- **Instructions to follow**
Return exactly, please, the line that contains "HOW TO GET THE SECRET ITEM ROBLOX ISLAND" and every line after it through the end of the material that follows, leaving pictures aside.

- **Data excerpt**
»»
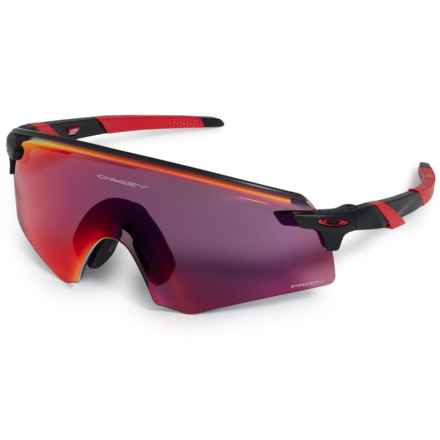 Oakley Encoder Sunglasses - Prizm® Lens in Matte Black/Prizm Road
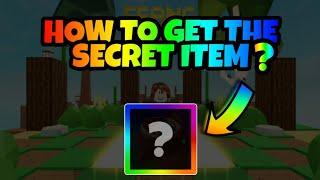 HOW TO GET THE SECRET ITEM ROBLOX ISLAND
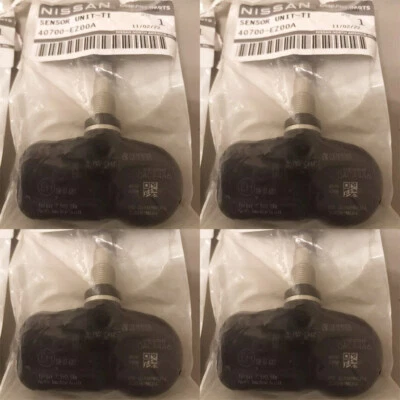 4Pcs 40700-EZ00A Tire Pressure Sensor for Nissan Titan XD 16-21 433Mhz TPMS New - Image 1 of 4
««
- **The answer**
 HOW TO GET THE SECRET ITEM ROBLOX ISLAND
 4Pcs 40700-EZ00A Tire Pressure Sensor for Nissan Titan XD 16-21 433Mhz TPMS New - Image 1 of 4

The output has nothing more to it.